It’s been 10 weeks since the COVID-19 vaccine landed in Washington.
In that time, 1.4 million shots have been administered statewide. But for so many, the last month has meant spending hour after hour online, or on hold, trying to get an appointment.
“That makes it very frustrating for the individual,” state Secretary of Health Dr. Umair Shah said. “It makes it very confusing. It can make people angry, and it appears like, ‘Oh gosh, there isn’t a plan.’ It’s not that there isn’t a plan, there isn’t a supply.”
The struggle in securing the vaccine is especially difficult for some of the county’s oldest residents, who are among the most vulnerable to COVID-19.
They’re competing with younger people, who often have an easier time scouring multiple provider websites to find an open appointment. And some worry they’ll be left behind.
A month after entering Phase 1B1, the Department of Health is working on ways to improve the appointment scheduling process, while also trying to increase equity in who gets the limited supply.
Statewide, the Department of Health, Microsoft and others are partnering to build a website that has access to appointments from every vaccine provider, though it’s unclear when that could debut.
But even with new improved scheduling, it will still be difficult to get your shot, as long as supply remains an issue, Shah said.
The state’s three-week vaccine forecast shows nearly 300,000 doses coming to Washington the week of March 7.
Earlier this month, the state was only getting about half of that.
Meanwhile, a one-shot vaccine from Johnson & Johnson could receive emergency federal approval by the end of the month.
In preparation of more doses, the state has increased vaccination capacity — with providers capable to inject more than 45,000 shots a day.
While governments and providers are under pressure to speed up the process, they must also find ways to address the inequities preventing the most vulnerable from securing the potentially lifesaving shot.
“That’s what makes it really hard,” Shah said. “We want to do everything we can to remove barriers.”
Statewide, Black and Hispanic Washingtonians have been getting vaccinated at lesser rates than other racial and ethnic groups, despite being disproportionately impacted by the pandemic, data from the state Department of Health shows.

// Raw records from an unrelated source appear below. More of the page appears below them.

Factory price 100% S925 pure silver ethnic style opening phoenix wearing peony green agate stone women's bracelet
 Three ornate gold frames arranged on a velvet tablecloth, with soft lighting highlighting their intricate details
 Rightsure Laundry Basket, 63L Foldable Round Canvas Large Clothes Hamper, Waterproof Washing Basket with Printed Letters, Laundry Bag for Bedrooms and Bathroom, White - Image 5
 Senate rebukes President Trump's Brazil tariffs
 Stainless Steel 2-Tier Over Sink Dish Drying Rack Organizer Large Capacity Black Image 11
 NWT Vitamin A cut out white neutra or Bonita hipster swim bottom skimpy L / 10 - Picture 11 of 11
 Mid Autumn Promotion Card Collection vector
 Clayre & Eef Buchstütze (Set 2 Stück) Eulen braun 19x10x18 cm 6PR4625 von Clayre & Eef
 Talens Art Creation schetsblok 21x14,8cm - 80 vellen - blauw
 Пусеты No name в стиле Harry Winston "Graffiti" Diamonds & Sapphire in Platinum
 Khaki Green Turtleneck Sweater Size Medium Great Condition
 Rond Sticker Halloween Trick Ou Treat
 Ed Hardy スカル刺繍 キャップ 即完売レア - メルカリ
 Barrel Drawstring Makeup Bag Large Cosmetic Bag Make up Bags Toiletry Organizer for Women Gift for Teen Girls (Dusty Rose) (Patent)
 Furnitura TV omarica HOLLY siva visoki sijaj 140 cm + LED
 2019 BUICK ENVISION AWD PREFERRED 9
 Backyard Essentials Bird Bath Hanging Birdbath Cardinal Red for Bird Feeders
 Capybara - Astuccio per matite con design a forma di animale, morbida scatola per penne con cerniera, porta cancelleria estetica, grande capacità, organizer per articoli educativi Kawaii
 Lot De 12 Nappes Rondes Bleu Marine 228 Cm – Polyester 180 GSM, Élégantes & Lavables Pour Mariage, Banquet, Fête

That’s partially because of racial and ethnic disparities in the health care industry, Shah said, given that health care workers were among the first to get vaccinated, and make up a large portion of people who have already received both doses.
Still, there’s more work to be done, he said.
Additionally, all demographic data is self-reported. About 1 in 10 vaccine recipients decline to provide that information.
To address the inequities, Gov. Jay Inslee and other officials have announced a $30 million plan to bring the COVID-19 vaccine to under-served and minority populations.
The effort, run by the All In WA Group, will enlist trusted, community-based organizations that can perform outreach and administer mobile and pop-up vaccine clinics.